Late on Thursday, a notification that Elizabeth Traugott and I have been provided a summer intern for our project on “Linguistics in the Comics”; I posted our proposal here last month. Buoyed by this news, I talked enthusiastically about the project with the staff at Three Seasons, where I was having dinner. That got me into giving examples of cartoons illustrating some of the topics we are exploring (language play of various kinds, social dialects, errors, new and spreading usages; the conventions of the comics; the narrative structure of comics).

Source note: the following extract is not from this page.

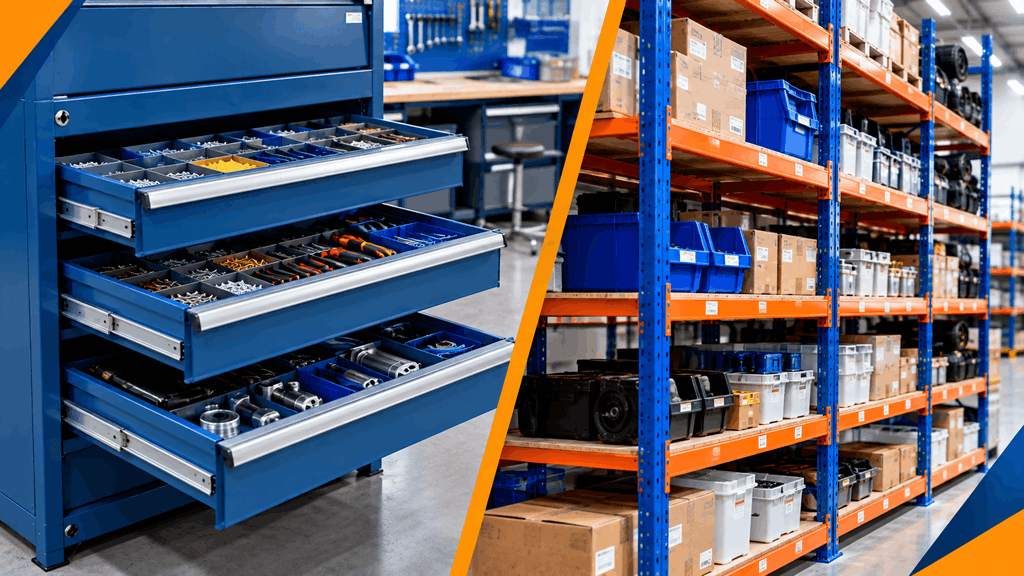 Industrial Cabinets and Open Shelving for Tools and Parts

I happen to have brought the most recent issue (April 16th) of The New Yorker with me, so our conversation turned to the excellent cartoons in the magazine, and how varied they are, in both content and visual style. I noted the range of content and tone, from social commentary at one end to gag cartoons at the other, bringing up Bob Mankoff (the cartoon editor of the magazine) as one of the cartoonists who specializes in gags. I then looked at the issue and found that the second cartoon in it was by Mankoff:

The cartoon depends on all sorts of background knowledge: what scythes are, how Death, the Grim Reaper, is conventionally represented, etc. And, crucially, the story of Trayvon Martin in his black hoodie. This last factor makes the cartoon highly topical — but also likely to lose much of its punch as years go by and the story of Martin and Zimmerman recedes into history.